Le lancement de la centrale nucléaire de Kudankulam, fleuron de la coopération indo-russe au sud de l'Inde, est un long processus qui pourrait prendre plusieurs mois, à partir de mercredi. Aujourd'hui débute la première phase des opérations: le chargement du combustible nucléaire. Loin d'être une simple manipulation technique, cet événement sort largement du cadre de l'industrie énergétique indienne et marque la première étape d'une renaissance nucléaire à l'échelle mondiale. Kudankulam est en effet un projet particulier, adoptant des technologies qui le sont tout autant.

Sans oublier les poissons

Ce projet est l'événement le plus important dans le secteur nucléaire depuis la catastrophe de Fukushima, en mars 2011, si l'on omet la construction d'une centrale nucléaire à Boucher en Iran. A l'époque, l'accident nucléaire avait résulté d'un tremblement de terre et d'un tsunami; ce qui avait provoqué, entre autres, la contamination de la faune marine.
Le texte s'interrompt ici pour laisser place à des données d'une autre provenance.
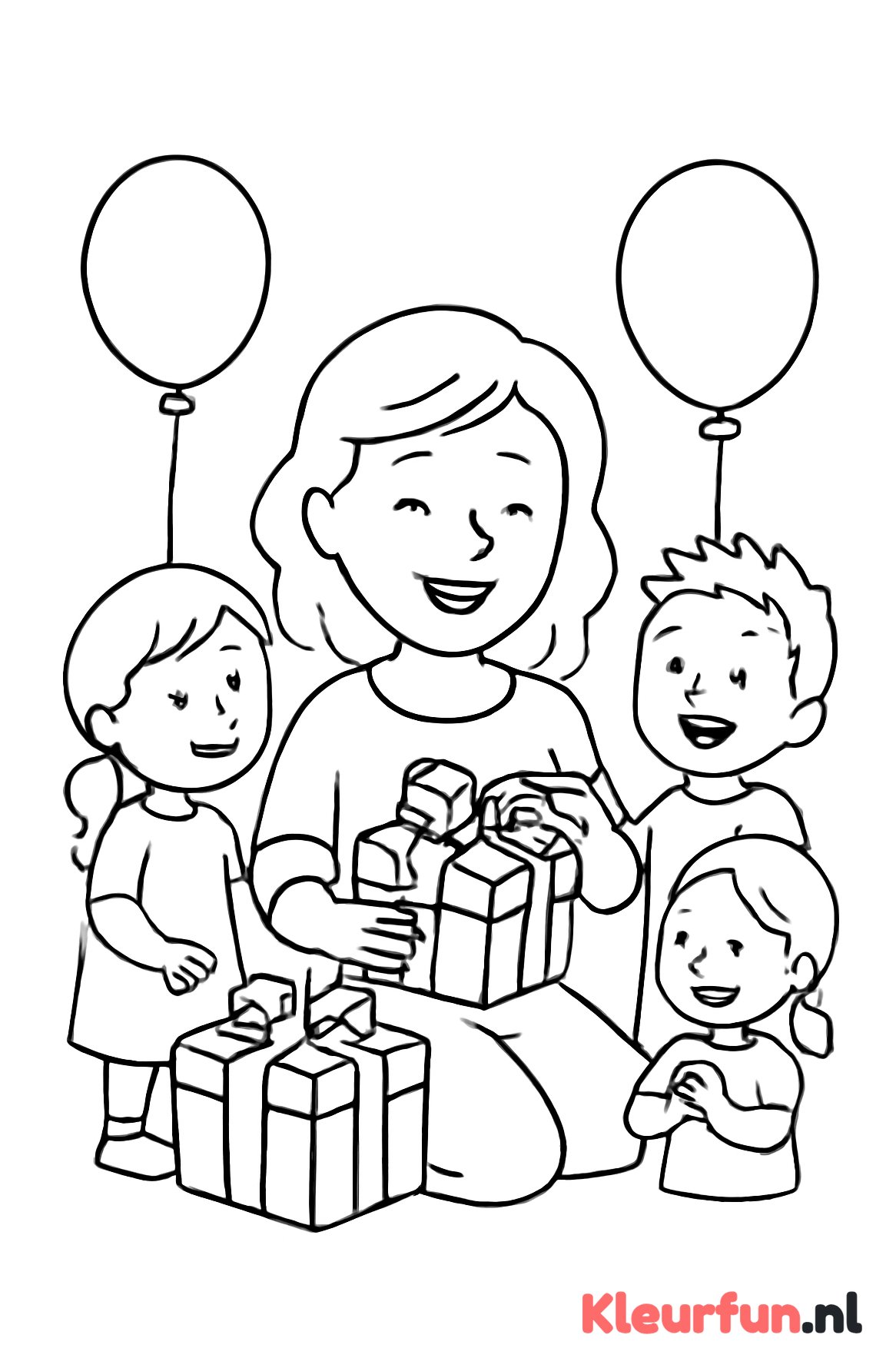 Mama opent cadeautjes met kinderen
Kudankulam, qui se trouve également sur un rivage, a déjà résisté au tsunami qui s'est abattu en 2004 sur les côtes indonésiennes et thaïlandaises, s'étendant ensuite jusqu'aux côtes opposées, à l'est de l'océan Indien. Le système de sécurité de la nouvelle centrale avait alors été testé.

Dans les années qui ont suivi, la centrale a connu plusieurs innovations techniques. Alexandre Kvacha, directeur adjoint du projet de construction de Kudankulam, a déclaré au correspondant de RIA Novosti à New Delhi, Evgueni Pakhomov, que le réacteur pouvait notamment se refroidir lui-même, sans l'intervention de l'homme, en cas de besoin – même en cas de coupure de courant. Qui plus est, la centrale résisterait au crash d'un avion.
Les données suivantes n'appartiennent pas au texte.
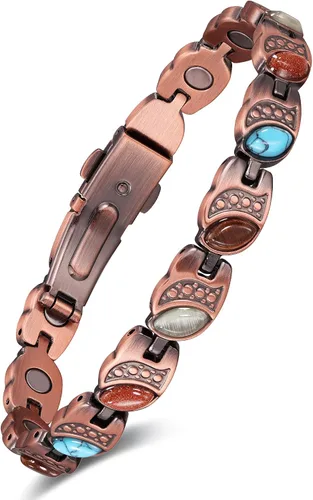 Vista 18 de Feraco Pulseras de Cobre Puro para Mujeres, Pulsera Magnética de Ultra Fuerza con Imanes de 3800 Gauss y Turquesa Natural y Piedras, Ajustable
Enfin, elle dispose également d'un système de protection des poissons dans les eaux côtières – le plancton et 95% des poissons se retrouvant dans le système de refroidissement de la centrale en sortiraient sains et saufs.
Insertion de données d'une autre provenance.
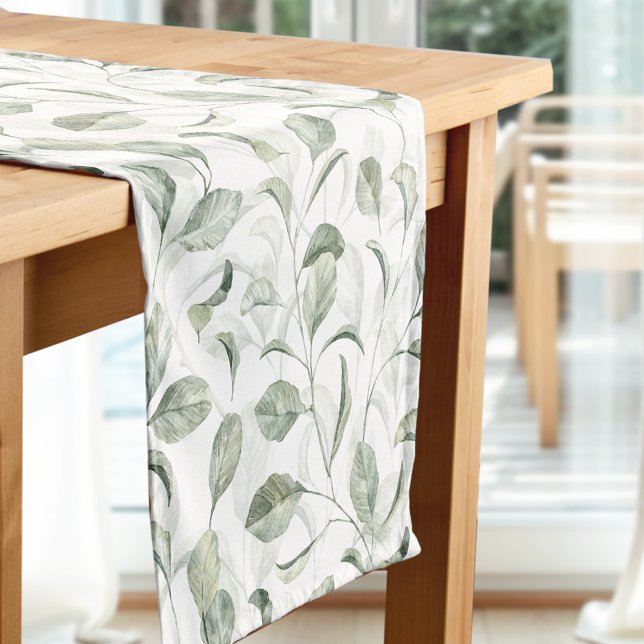 Elegantes Sage Green Blätter Wasserfarben Muster Kurzer Tischläufer (Elegant Sage Green Leaves Watercolor Pattern Short Table Runner)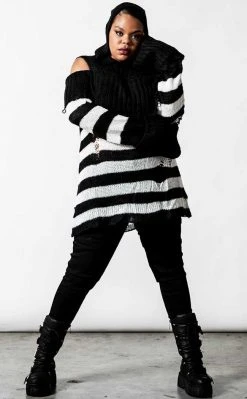 Killstar Clothing Poison Hooded Knit Sweater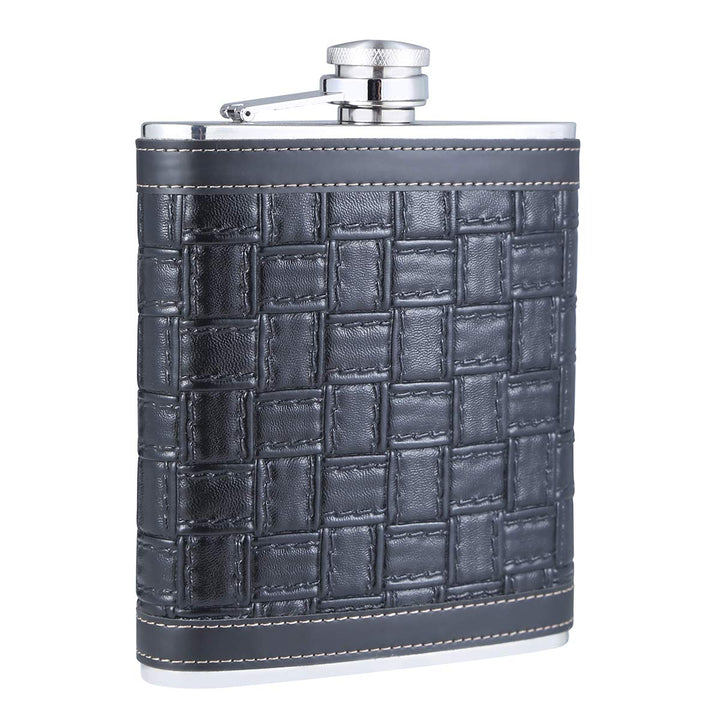TANEAXON Flachmann mit Lederumwicklung, Grosse Kapazität, quadratisch, 510 ml, Schwarz | Edelstahl,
L'accident de Fukushima s'est produit très récemment, en mars 2011. A ce moment, les technologies d'Atomstroïexport étaient, évidemment, déjà prêtes et en cours d'installation.

Autrement dit, les ingénieurs de la centrale indienne semblaient se préparer aux accidents similaires à celui survenu au Japon et ont conçu une centrale nucléaire de nouvelle génération - ses innovations concernant précisément la sécurité et l'écologie.

Les anciennes centrales ferment, de nouvelles voient le jour...

Après Fukushima, le Japon et l'Allemagne ont tenté de renoncer à l'énergie nucléaire – ou ont annoncé l'abandon progressif des centrales. On parlait alors déjà de la fin du secteur.

Le résultat inverse a été obtenu: mercredi 19 septembre, le gouvernement japonais a adopté un nouveau programme pour réduire sa dépendance à l'énergie nucléaire mais n'envisage plus l'abandon total des centrales pour 2030. En Allemagne, on constate un changement dans l'opinion publique, quant à la mise hors service de toutes les centrales nucléaires du pays pour 2017…

Début septembre à Vladivostok se tenait la "semaine des leaders" du Pacifique, l'APEC (Coopération économique pour l'Asie-Pacifique). Pendant la dernière activité de la semaine - le sommet des chefs d'Etat des 21 pays du Pacifique - les dirigeants présents ont plutôt évoqué les perspectives de l'APEC au lieu de faire le bilan annuel de son activité. L'énergie nucléaire a notamment été mentionnée. Selon des sources bien informées, le sommet de l'APEC a souligné la perspective d'une forte croissance du secteur nucléaire mondial.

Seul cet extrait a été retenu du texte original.